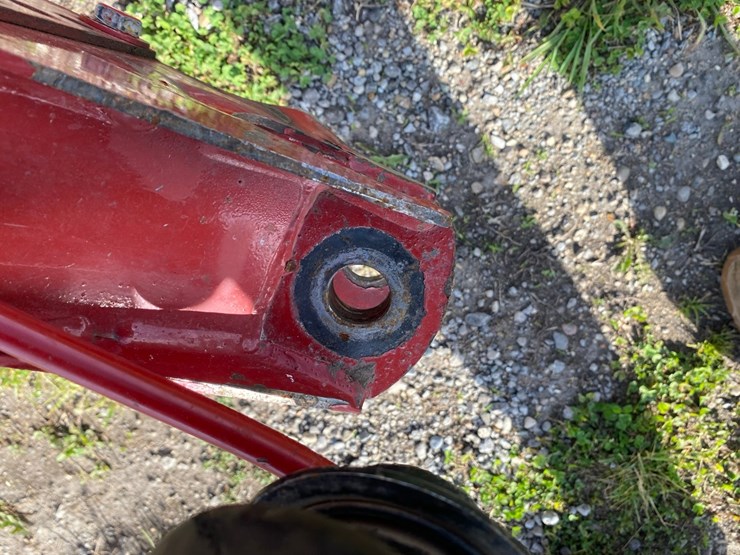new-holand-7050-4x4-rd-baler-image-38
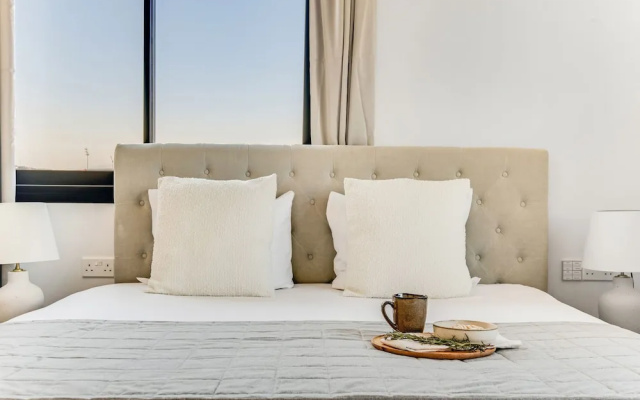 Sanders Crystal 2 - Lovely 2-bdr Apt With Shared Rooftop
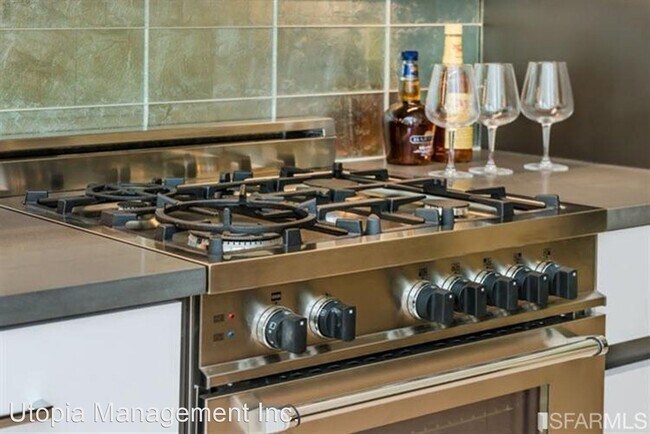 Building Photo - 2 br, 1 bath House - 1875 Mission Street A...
---
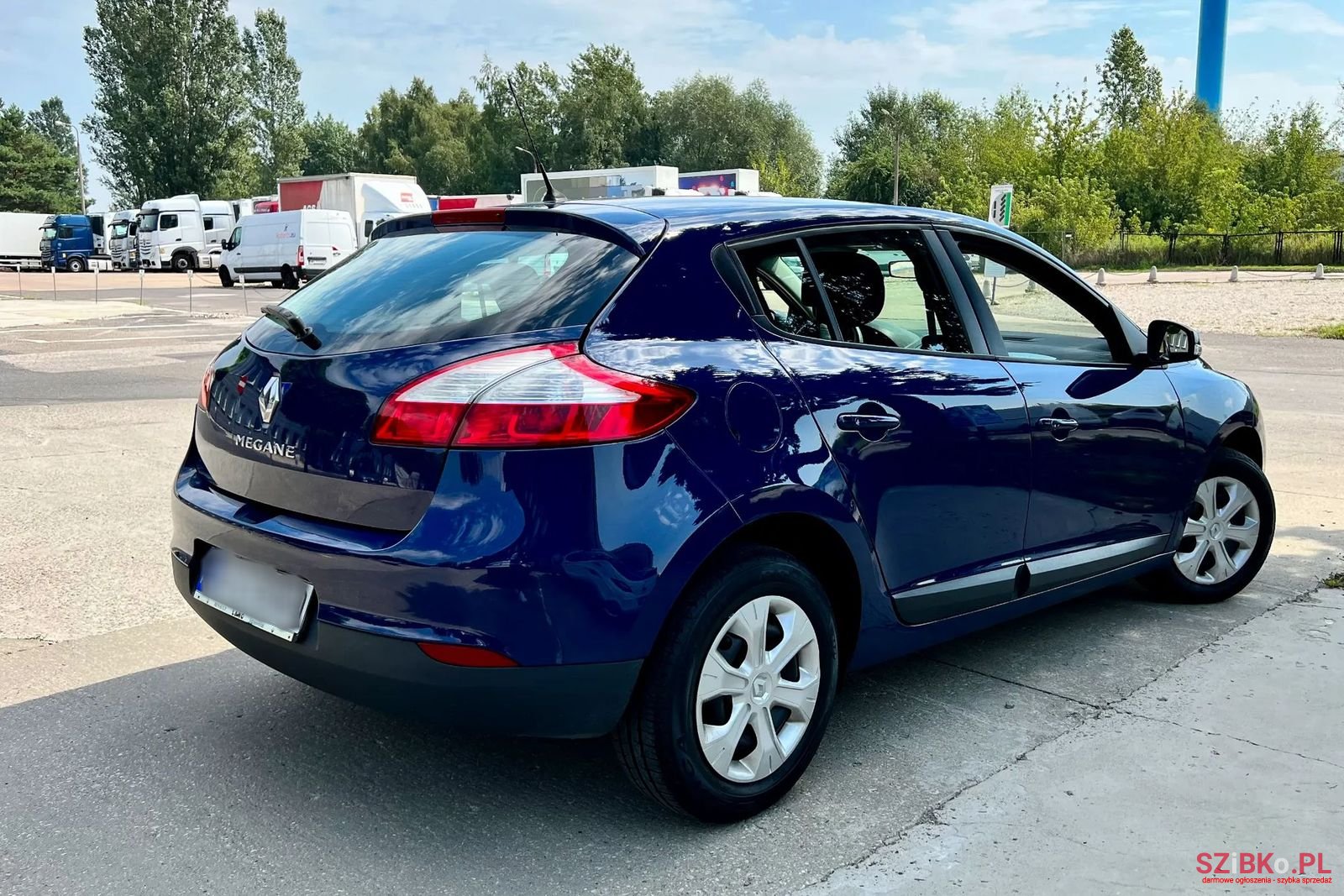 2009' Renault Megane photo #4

◆ TASK ◆
Once the line with "Sanders Crystal 2" is found in the data above, reproduce it and each line after it exactly, through the line with "Building Photo - 2". Omit the pictures.

◆ WRITTEN ANSWER ◆
 Sanders Crystal 2 - Lovely 2-bdr Apt With Shared Rooftop
 Building Photo - 2 br, 1 bath House - 1875 Mission Street A...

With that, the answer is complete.